Et ce n’est pas qu’un gag technologique. C’est un symptôme. Car derrière l’IA, il y a un processus plus ancien, plus insidieux : la standardisation des relations humaines. Des scripts, des logiciels qui gomment les accents, des contrôles de ton, des KPI de chaleur vocale…l’horreur au quotidien et orchestrée par quasi toutes les entreprises!

À force de tout lisser, tout calibrer, tout automatiser, on finit par ne plus sentir l’autre. À force de vouloir éviter les “erreurs humaines”, on finit par supprimer l’humanité elle-même. Et le pire ? C’est que même les humains finissent par douter. L’un des collègues de Jessica confie dans l’article : « Parfois, je ne sais même plus si je suis encore un humain. »

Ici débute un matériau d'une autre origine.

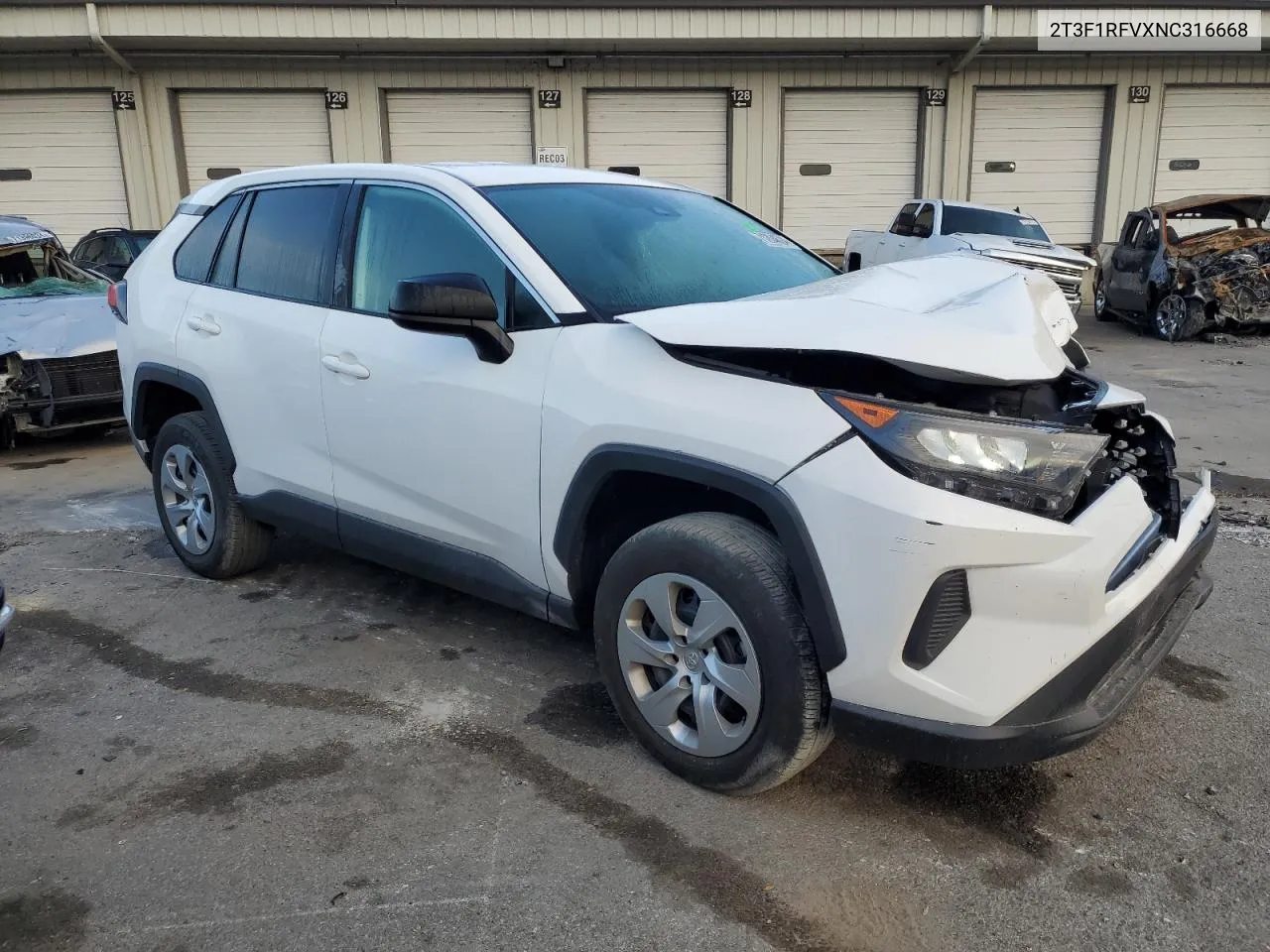 2022 Toyota Rav4 Le VIN: 2T3F1RFVXNC316668 Lot: 71204624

C’est glaçant. Mais c’est aussi une boussole. Car, si nous devons un jour prouver notre humanité, ce ne sera pas par notre performance, notre efficacité, notre productivité. Ce sera par nos aspérités : une hésitation dans la voix, une blague ratée, un soupir, un silence. Bref, tout ce qu’une machine cherche à éviter.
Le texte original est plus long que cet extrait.